Only the pictures are to be omitted; everything else in the listing must be reproduced exactly.

- **Stored data**:
=== Begin Enclosure ===

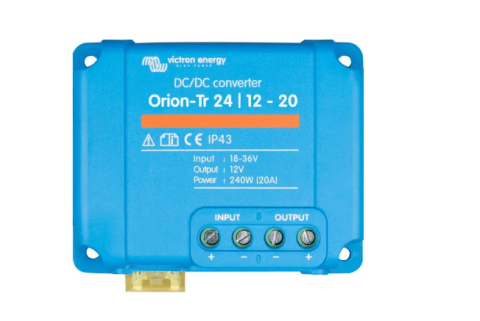 Convertoare DC-DC - Victron Energy Convertor DC-DC Orion-Tr 24/12-20 (240W) NEIZOLAT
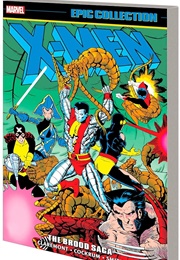 X-Men Epic Collection- The Brood Saga (Chris Claremont)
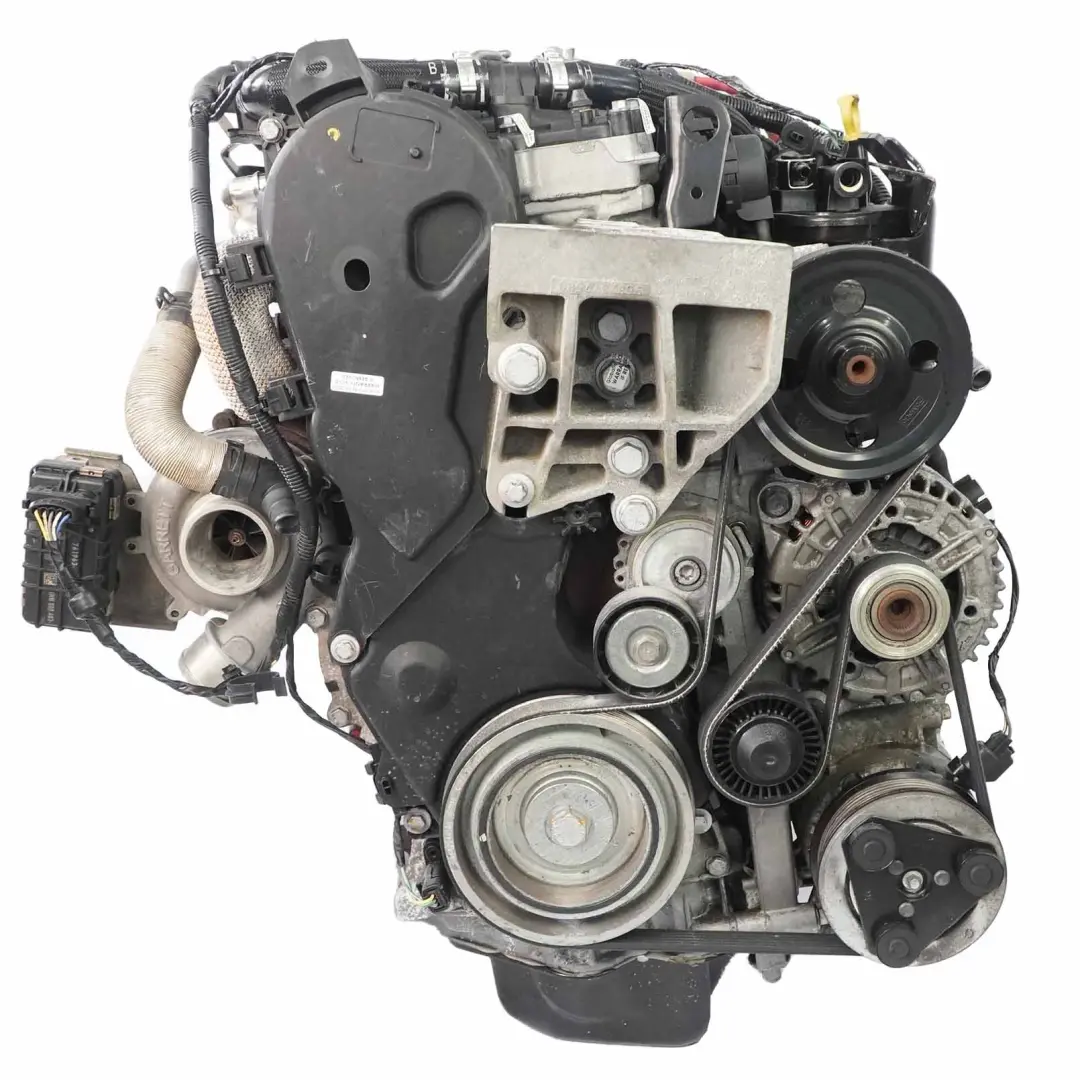 Moteur complet 224DT 2.2TD4 DW12BTED4 GARANTIE Land Rover Freelander 2 2.2 TD4 - SKU LR006630-1 - Numéro de pièce LR006630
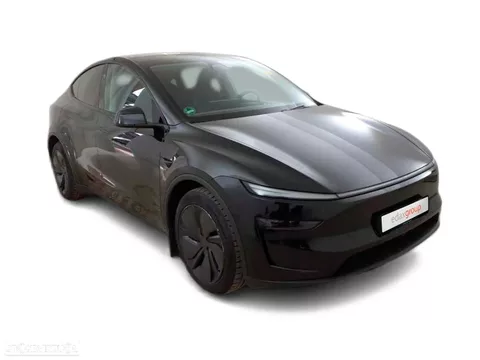 Tesla Model Y Long Range Dual Motor AWD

=== End Enclosure ===

- **Response to this task**:
 Convertoare DC-DC - Victron Energy Convertor DC-DC Orion-Tr 24/12-20 (240W) NEIZOLAT
 X-Men Epic Collection- The Brood Saga (Chris Claremont)
 Moteur complet 224DT 2.2TD4 DW12BTED4 GARANTIE Land Rover Freelander 2 2.2 TD4 - SKU LR006630-1 - Numéro de pièce LR006630
 Tesla Model Y Long Range Dual Motor AWD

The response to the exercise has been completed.